No cyberpunk “os atos individuais de rebelião dos marginalizados raramente se transformam numa resistência organizada”

Mas… o que sucedeu ao cyberpunk para, atualmente, parecer que estagnou, rodeando-se, no cinema e em alguma literatura, dos velhos e gastos clichés das décadas de 1980 e 1990, sem adicionar nada de novo, algo que, aos olhos de hoje, pareça verdadeiramente transgressor e seja um espelho para outras opções ou utopias?
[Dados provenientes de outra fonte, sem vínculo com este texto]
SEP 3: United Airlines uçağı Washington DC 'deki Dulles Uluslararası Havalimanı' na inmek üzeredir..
“Porque é que o cyberpunk ainda se parece com o que era nos anos 80? Talvez não tenha existido necessidade de mudar: ele continua a ter impacto junto de nós porque o mundo que retrata é aquele em que vivemos”, explica Paul Walker-Emig, antigo jornalista que atualmente trabalha para indústria dos videojogos, num incisivo artigo de opinião que escreveu para o jornal The Guardian, quando o cyberpunk teve um fugaz reaparecimento mediático.

“O género foi formado como resposta a um mundo onde o poder corporativo proliferava e se expandia por todo o globo, a desigualdade crescia e a Inteligência Artificial, os computadores e outras novas formas de tecnologia ofereciam tanto a promessa de libertação como o potencial para novas e perigosas formas de dominação.”
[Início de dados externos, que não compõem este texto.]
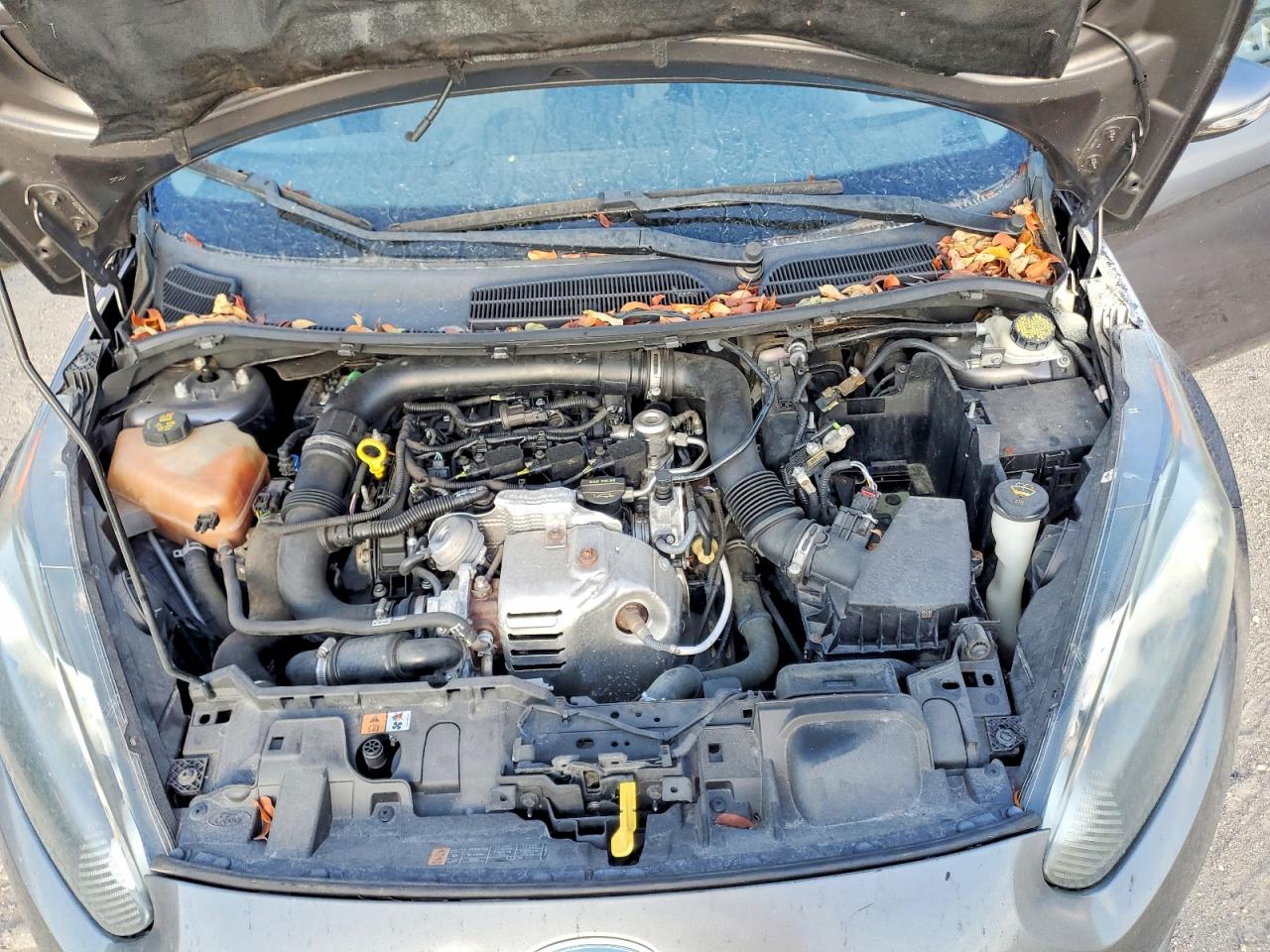 FORD FIESTA 2014 — 12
Todavia, e se olharmos para as origens da ficção cyberpunk, vemos que, apesar de “ter aberto brechas”, “os atos individuais de rebelião dos marginalizados raramente se transformam numa resistência organizada”, critica em seguida. Ou seja, eram histórias que iam beber muito, apesar de o colocar em causa, ao espírito da época em que sugiram, dominado por um crescente individualismo, por uma crença de que que tudo estava ao alcance do indivíduo; renegando as outras narrativas que olham para o coletivo como verdadeira força de mudança.

“Não é coincidência que o cyberpunk tenha amadurecido durante a era em que o capitalismo estava a avançar para um domínio global. […] O neoliberalismo tornou-se um consenso que impediu, com sucesso, a imaginação de alternativas. Este horizonte de acontecimentos políticos foi também uma morte para a ficção científica utópica. Interiorizámos a ideia de que o sistema em que vivemos é uma inevitabilidade e, com isso, a nossa imaginação estagnou, incapaz de conceber um futuro que vá para além dele – como se estivéssemos presos num loop de uma dessas simulações de computador de que o género tanto gosta.”